Narration was one of the best tools for opening my eyes to how my children thought and processed information. It made a difference in how I taught them and how they reacted to homeschooling. But that’s not always been the case. I had to discover how to incorporate narration in a way that didn’t discourage the same thoughts and conversations I was trying to cultivate.
What is Narration?
Before I jump into a discussion on why narration is important, let’s first discuss what narration is.
Basically, narration is the retelling of what a child has learned. How often does your child come up to you and tell you about a new game they are playing or what they just saw on a television show? Maybe they relate a conversation they had with friends or give you a play-by-play of the sports event they just witnessed. These are all forms of verbal narration.
Children are amazing at narrating, and it is one of the best ways for them to learn. They read or watch something and then share this information with others. You may recognize it as the old adage, “Watch, learn, teach.”
Charlotte Mason recommends for children up to 6 to only narrate when they want. At this age, let them tell you stories about their activities and don’t push narration. Then slowly for the next few years have them retell what they have just read (or been read to). Narration shouldn’t last more than 15 minutes and shouldn’t be corrected as far as proper speech and grammar.

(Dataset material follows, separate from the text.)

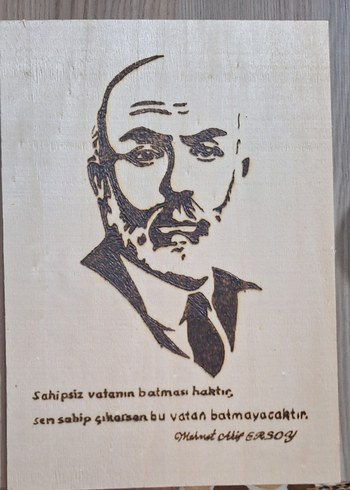 Ahşap Üzerine Kahverengi Parlak Tablo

It shouldn’t be quoting back what was read but should be in their own words.
As children progress with writing, the narration should switch to written form. Some subjects seem to lend themselves more to a written form, such as science, whereas literature always seems a bit conversational in our home.
What are Ways to Narrate?
There are many different ways for children to narrate, but they all start with the child learning. This can be from reading a book or a passage from a book, watching a video, or other type of learning activity.
The next step is to let the child express what they learned. This can be achieved in a variety of ways, such as:
- Telling a story. Let your child tell you about what they learned in their own words.
- Writing a summary. A child who is old enough to write well can write or type up an overview of what they learned.
- Role-playing. Children often enjoy acting out the story. This can even be done with dolls or Legos.
- Drawing. Sometimes a child can use illustrations to summarize the reading.
Finding ways for your children to narrate to you that enhances the learning process instead of hindering it can sometimes be challenging. My middle child HATED writing summaries and refused most other ways of narrating. She didn’t want to have to “tell me what she learned.” So, narration for her became a time of casual questions.
“So, what happened in the story today? Did the hero save the day? Was he able to escape his predicament?” I called it sneaky narration. I had to learn to sneak in questions without sounding like I was being the teacher and quizzing her on what she learned. As she grew, narration became easier. She began to initiate conversations about what she had learned that day, and I didn’t have to be so stealthy.
Why is Narration Important?
The act of narrating helps children to process what they learned. By having to retell the story in their own words, they commit it to memory and have a better recall at a later time.
Narration isn’t the memorization of facts, but the understanding of them. It’s not just testing what they learned (although that is helpful), but it helps them to organize what they learned. This creates critical thinking skills and teaches the student to think deeper.
But, one of the most important parts of narration is it gives us the chance to have conversations with our kids. When we give our children our undivided attention, we begin to learn more about who they are and what they think. Narration creates a bonding time when a mom and child can discuss important parts of a story and make applications in their own lives.
It’s no secret that as a homeschool teacher of multiple children, you can’t always read every book with every child. So, this one-on-one time with a student lets the teacher learn about the book along with them. You can ask questions about what they learned and make comparisons to other books.
When we take the time to have these one-on-one conversations with our kids, we build relationships. In turn, we create a more peaceful and loving homeschool atmosphere. And, isn’t that the most important part of homeschooling?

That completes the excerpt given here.